The float levels are set the same as you would the earlier model, except on carbs using plastic floats. As I stated earlier, the manual is incorrect on the HD8s float levels it should be 5/16ths. The reasons are :1) with the float being at 7/16ths the fuel level is lower so engine cranking is longer to pull fuel up. These cars are cold blooded and need lots of fuel on cold starts.2) with the float level set at 7/16ths, there is less fuel in the float bowl which could cause the car to run out of fuel when running at high RPM causing a lean mixture and a loss of power. I use the 5/16ths round bar to set the float . The bar goes between the float bowl cap and the float leaver arm. I believe this is what the manual shows but I don't have a manual in front of me. Remember to measure where the float hits the arm.
Elevation above sea level will change the settings required. Generally service manual instructions are based on being at sea level.
 
The float levels are set the same as you would the earlier model, except on carbs using plastic floats. As I stated earlier, the manual is incorrect on the HD8s float levels it should be 5/16ths. The reasons are :1) with the float being at 7/16ths the fuel level is lower so engine cranking is longer to pull fuel up. These cars are cold blooded and need lots of fuel on cold starts.2) with the float level set at 7/16ths, there is less fuel in the float bowl which could cause the car to run out of fuel when running at high RPM causing a lean mixture and a loss of power. I use the 5/16ths round bar to set the float . The bar goes between the float bowl cap and the float leaver arm. I believe this is what the manual shows but I don't have a manual in front of me. Remember to measure where the float hits the arm.
Elevation above sea level will change the settings required. Generally service manual instructions are based on being at sea level.

What source says the manual is incorrect?
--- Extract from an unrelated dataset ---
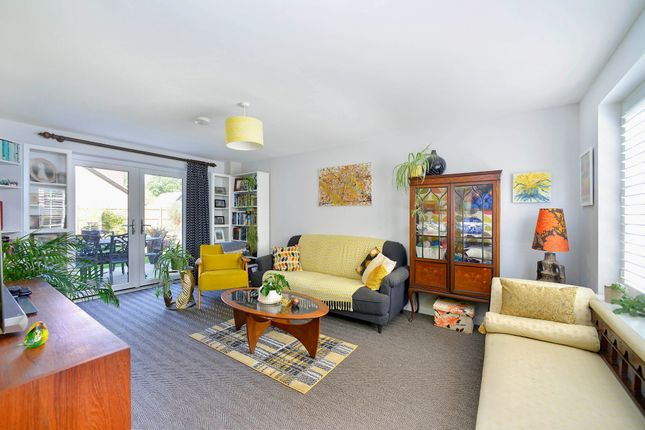 3 Oxmead Street, Cranleigh photo 2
Is there a supplement or other authoritative source for this assertion? Where did it come from?
 
I have been working on these type of carbs for over 50 years. I am a skilled license automotive mechanic. This skilled training allows me to analyse and understand the theory behind automotive mechanics. I have a complete understanding of automobile functioning. The information I provided comes from applying theory to resolve this problem, not trial and error. Without an understanding of theory, it is only luck if you happen to solve the problem as a former instructor told me.
 
I have been working on these type of carbs for over 50 years. I am a skilled license automotive mechanic. This skilled training allows me to analyse and understand the theory behind automotive mechanics. I have a complete understanding of automobile functioning. The information I provided comes from applying theory to resolve this problem, not trial and error. Without an understanding of theory, it is only luck if you happen to solve the problem as a former instructor told me.

Martin - Thank you for the clarification.
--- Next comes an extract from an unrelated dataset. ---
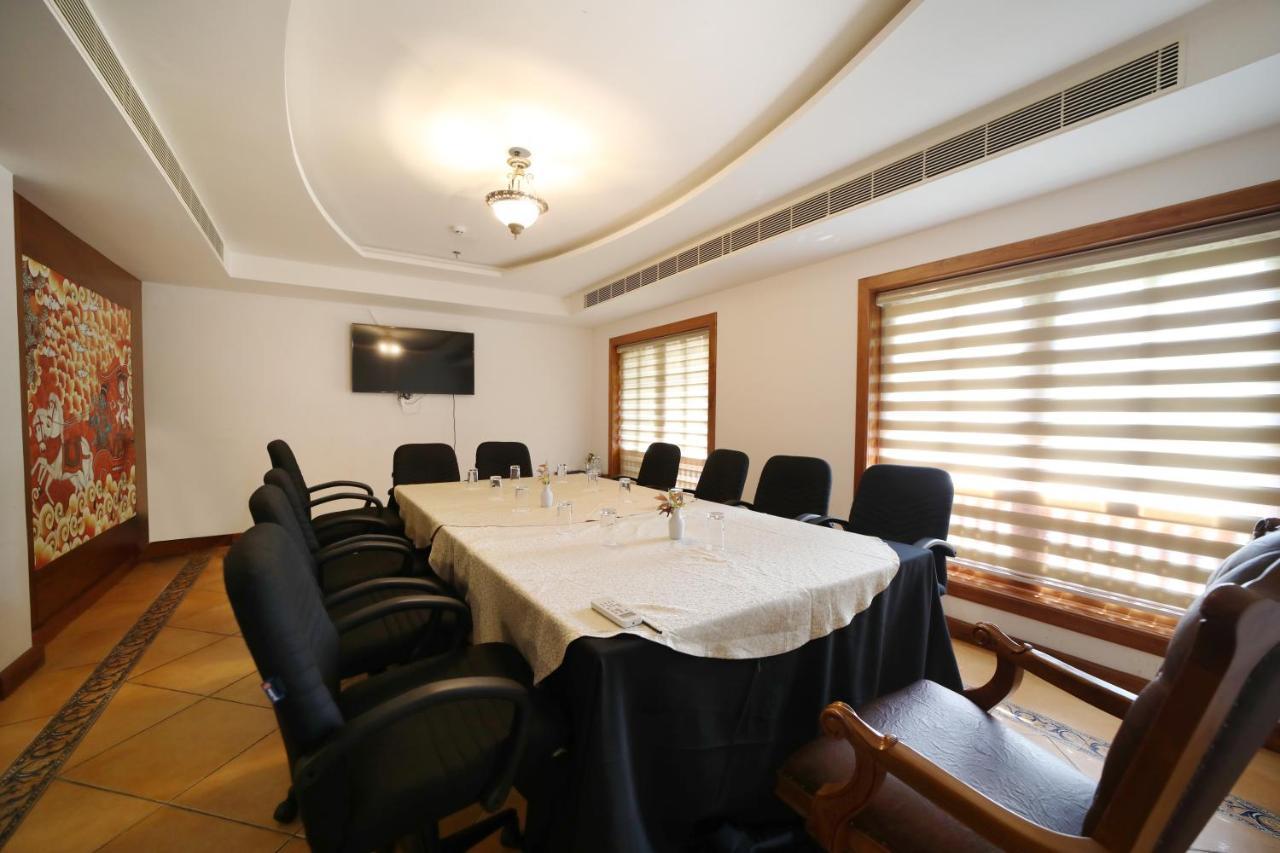 Gokulam Grand Resort & Spa, 쿠마라콤 외부 사진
Raising the fuel level - is it the same as installing the UN richer needles?

I installed the richer needles in my car because I've got various speed equipment items (hotter cam, port matching, headers, DMD manifold, etc).

I live in a year-round driving climate (so calif) and have not had any cold starting problems.
 
I agree with Randy -
my car is reluctant to start in cold day (good in Summer day) starter spray is my solution to avoid battery and electr. start overheating-problems-counter run never happened-
gearbox in neutral position -few spray over the air filter -with the cocker in full position -few turn and it start immediately-then I must reduce the cocker for rev at +/- 2000 rpm to heat the engine-
i can make the operation with the hood opened throttling the engine with one hand and pushing the starter button with the other
after this operation car start normal overall - and the next day
Simple solution to avoid to change good road performance
 
I would use starting fluid sparingly, if at all. It works--sometimes--but has potential problems (just do a search on 'downside of using starter fluid'). If you live in a really cold region and have a lot of starting issues a block or engine heater would be advisable.
 
Starting fluid is a bigger issue with diesel engines as combustion happens from compression, not spark ignition.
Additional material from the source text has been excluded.